В октябре месяце 1939 года я, Евгеньев, Данин и Алигер разговаривали о Пастернаке. Я вспомнил перевод, сделанный Пастернаком несколько лет тому назад (Клейст «Принц Гомбургский»). Евгеньев сказал, что он редактирует для издательства сборник переводов Пастернака, и спросил меня — не думаю ли я, что можно в этот сборник включить «Принца Гомбургского». Я ответил утвердительно. Здесь же возникла идея напечатать «Принца Гомбургского» и в «Знамени». Евгеньев через несколько дней добыл у Пастернака рукопись перевода, принес ее в «Знамя» для перепечатки и сказал, что Б<орис> Л<еонидович> просил перепечатать несколько экземпляров перевода, но не читать, пока он не поправит текст после машинки. Через несколько дней Б<орис> Л<еонидович> позвонил мне. Его разговор был очень приветлив и сводился к тому, что у него, Пастернака, ничего нет против меня, что надо все, происшедшее три года тому назад, предать забвению, и т. п.
— Вы мыслили всегда даже гораздо более самостоятельно, чем многие другие, и не ваша вина, что вы сдали кое в чем перед натиском времени. Когда весной Усиевич начала кричать о вас в связи со мной — я звонил ей и очень просил ее прекратить это делать. Я хочу вас видеть и обо всем поговорить.
Записи в тетради заканчивались следующим пассажем:
Б<орис> Л<еонидович> просил меня уговорить Вишневского напечатать «Принца Гомбургского».
Ну, пусть «попадет». Все равно попадет. Но дайте же ответить мне самому за это. Так и передайте Вишневскому. И пусть он не боится….
Вишневский на это ответил Пастернаку с той же коммунистической простотой:
Драму фон Клейста «Принц Фридрих Гомбургский» печатать не можем, «прусская» пьеса, прославляющая прусскую военщину. Буду рад, если ты дашь нам новые переводы типа тех, которые печатаешь в «Литературной газете[118].

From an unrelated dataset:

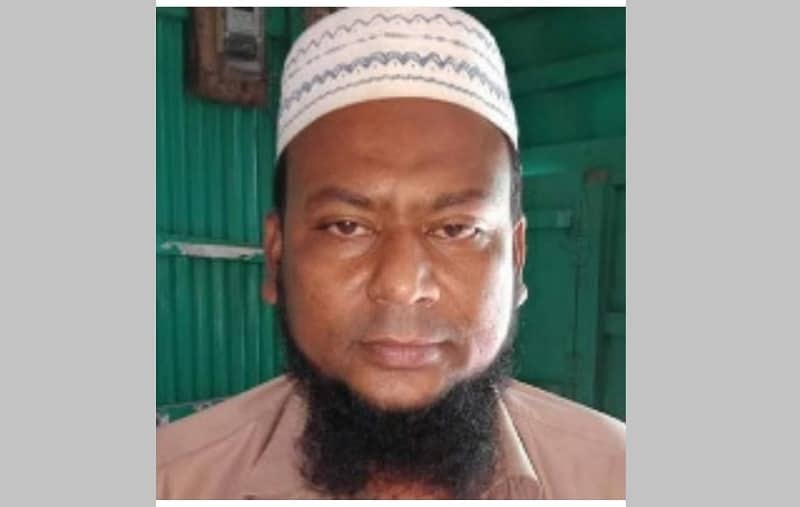 ঘর ভাড়া দিতে না পারায় চাল নিয়ে গেল ঘর মালিক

1 ноября 1939 года Тарасенков пришел к Пастернаку. И снова у них возник очень доверительный, откровенный разговор.
Мы пережили тягостные и страшные годы. Нет Тициана Табидзе среди нас. Ведь все мы живем преувеличенными восторгами и восклицательными знаками. Пресса наша самовосхваляет страну и делает это глупо. Можно было бы гораздо умней. На восклицательном знаке живет Асеев. Он каждый раз разлетается с объятиями и вскриками и тем вызывает на какую-то резкость с моей стороны. Все мы живем на два профиля — общественный, радостный, восторженный, — и внутренний, трагический. Мне так было радостно когда-то, что Грузию я мог воспринять с ее поэзией искренне, от сердца — и под восклицательным знаком, что совпадало с тоном времени. И вот когда в разгар страшных наших лет, когда лилась повсюду в стране кровь, — мне Ставский предложил ехать на Руставелевский пленум в Тбилиси. Да как же я мог тогда ехать в Грузию, когда там уже не было Тициана? Я так любил его. <…> Даже Вс. Иванов, честнейший художник, делал в эти годы подлости, делал черт знает что, подписывал всякие гнусности, чтобы сохранить в неприкосновенности свою берлогу — искусство. Его, как медведя, выволакивали за губу, продев в нее железное кольцо, его, как дятла, заставляли, как и всех нас, повторять сказки о заговорах. Он делал это, а потом снова лез в свою берлогу — в искусство. Я прощаю ему. Но есть люди, которым понравилось быть медведями, кольцо из губы у них вынули, а они все еще, довольные, бродят по бульвару и пляшут на потеху публике.